The 6 Most Inappropriate Wu-Tang Clan Names For Your Baby, Ranked
Photo: Astrid Stawiarz/Getty Images

The 6 Most Inappropriate Wu-Tang Clan Names For Your Baby, Ranked

Rihanna and A$AP Rocky get a pass—you don't

Rihanna and A$AP Rocky's firstborn son is nearly one year old, yet until recently, his name was unknown to the public. That all changed this week, when The Daily Mail somehow obtained the future nepo baby's birth certificate and disclosed his very-appropriate name: RZA Athelston Mayers. Yes, Rih and Rocky's son is named for the de facto leader of the Wu-Tang Clan.

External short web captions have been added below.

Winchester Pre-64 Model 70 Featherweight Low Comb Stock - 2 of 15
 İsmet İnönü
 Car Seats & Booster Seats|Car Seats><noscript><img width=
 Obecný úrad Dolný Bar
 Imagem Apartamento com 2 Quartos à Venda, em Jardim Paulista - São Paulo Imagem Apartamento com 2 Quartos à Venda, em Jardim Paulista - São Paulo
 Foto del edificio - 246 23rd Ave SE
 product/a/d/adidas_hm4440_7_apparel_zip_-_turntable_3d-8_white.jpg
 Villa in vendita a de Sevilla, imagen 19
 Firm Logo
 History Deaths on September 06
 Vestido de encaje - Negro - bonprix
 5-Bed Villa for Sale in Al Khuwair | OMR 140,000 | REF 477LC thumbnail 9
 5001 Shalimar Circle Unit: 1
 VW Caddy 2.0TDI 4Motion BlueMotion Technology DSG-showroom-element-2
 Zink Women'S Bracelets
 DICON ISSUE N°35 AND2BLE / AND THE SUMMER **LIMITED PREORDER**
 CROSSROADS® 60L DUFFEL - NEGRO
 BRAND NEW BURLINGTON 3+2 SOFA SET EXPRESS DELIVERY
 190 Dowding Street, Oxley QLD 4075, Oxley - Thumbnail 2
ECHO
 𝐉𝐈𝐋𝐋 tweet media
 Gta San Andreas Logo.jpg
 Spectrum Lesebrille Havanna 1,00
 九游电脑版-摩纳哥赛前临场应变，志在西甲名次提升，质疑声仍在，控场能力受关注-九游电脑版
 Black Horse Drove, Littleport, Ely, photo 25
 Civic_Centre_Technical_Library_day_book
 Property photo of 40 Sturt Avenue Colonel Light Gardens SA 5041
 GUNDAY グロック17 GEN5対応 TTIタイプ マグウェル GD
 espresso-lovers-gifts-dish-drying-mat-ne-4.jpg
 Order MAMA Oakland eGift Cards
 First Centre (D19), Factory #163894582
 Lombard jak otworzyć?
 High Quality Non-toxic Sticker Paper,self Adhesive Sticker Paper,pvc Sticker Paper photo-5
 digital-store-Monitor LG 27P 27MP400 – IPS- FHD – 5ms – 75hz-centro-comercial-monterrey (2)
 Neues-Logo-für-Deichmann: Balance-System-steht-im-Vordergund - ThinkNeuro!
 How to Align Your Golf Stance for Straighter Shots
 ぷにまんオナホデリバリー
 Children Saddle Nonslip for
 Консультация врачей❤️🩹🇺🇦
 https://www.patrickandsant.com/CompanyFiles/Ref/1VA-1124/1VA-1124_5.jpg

This shouldn't be too much of a surprise, with Rocky (born Rakim Mayers) having been named for the legendary MC who revolutionized hip-hop with classic albums like Paid In Full and Follow the Leader. But don't be surprised if this unconventional naming kicks off a trend of everyday parents-to-be naming their bundles of joy after members of the Wu. When ODB said "Wu-Tang is for the children," we're not sure this is what he meant.

RZA works just fine, but tread lightly but before you enter the 36 chambers of baby names—when it comes to some Shaolin-inspired monikers, Wu-Tang Clan ain't nothing to f**k with. Here are the most inappropriate.

6. Method Man

You'll have to wait at least 18 years for this name to apply. Until then, it's going to be "Method Baby," "Method Preschooler," "Method Tween" "Method Not Quite Voting Age." Plus, it's pretty binary.

5. Inspectah Deck

Missed opportunity to name your kid the much more useful "Inspectah Gadget."

4. U-God

"Universal God" sounds nice in concept, but attaching to your baby any kind of deity is a sure way to wind up with a narcissist teen. Spare yourself—and the rest of us.

3. Ghostface Killah

This name will only ever be fun for your kid once a year.

2. Masta Killa

"Killa" won't get your kid into any good prep schools—that we can assure you. And don’t even get us started on "Masta."

1. Ol' Dirty Bastard

Love to the late great Russell Tyrone Jones, but when it comes to baby names, there's at least three things wrong with this one from the jump. When you put them all together, it's even worse. If you want to field hostile CPS visits for the rest of your kid's childhood, sure, absolutely name your son or daughter Ol' Dirty Bastard. Shimmy shimmy ya!